I’ve since explored trying to rebuild this sealed pool in a number of ways. I think the following deck might have been more effective. On reflection, I feel I was pulled in a bit to black with the two black cards mentioned above which made me play some weak curve fillers like Thriving Rats and Night Market Aeronaut. Going yet more to the skies with more efficient fliers might have been a more consistent and well-rounded gameplan to play to. Here’s a possible list
The previous week, my article touched a little on dealing with a ‘near-miss’ as I came close to Top 8. In this event I didn’t even prove to be a contender for Top 8. For me, dealing with a disappointing tournament performance is a slightly more straightforward process, because there’s no wiggle room for feeling remotely close to higher achievements. It’s quite interesting that a lot of my friends who were at the event also felt they performed poorly and it made me think about how much correlation there is with the fact that we (as a local group of players) prepare very little for Limited events in comparison with Constructed events. Not only do we play Limited quite infrequently compared to Constructed, but sub-elements like online discussion and the type of content we access (e.g. Articles, websites, videos) is much more skewed towards Constructed than Limited.
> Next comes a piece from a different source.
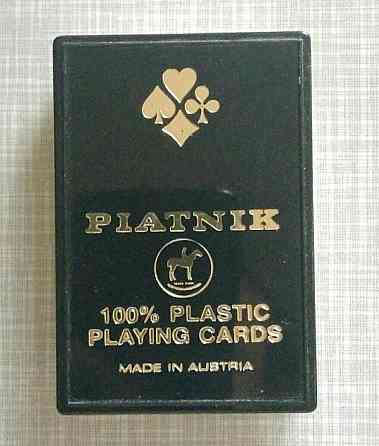 Карты игральные для игры в бридж, PIATNIK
While the speculation mentioned above is a whole potential topic by itself, it reminded me that I need to improve both my confidence and skills in Limited Magic. I realise that the brunt of this will come from increasing the number of Limited events I compete in but I’ll be keeping my eyes open for other opportunities to do this in the future. I currently don’t adopt Magic Online into my lifestyle, so this may be a leaf that needs turning over.
I’ve already pre-registered for the Standard PPTQ in Leicester this coming weekend. I’m unsure whether to try and beat or join the horde of Mardu Vehicles that utterly dominated Pro Tour Aether Revolt, but I’ll bring back some insights from this event for you (and hopefully have at least a positive record in the event).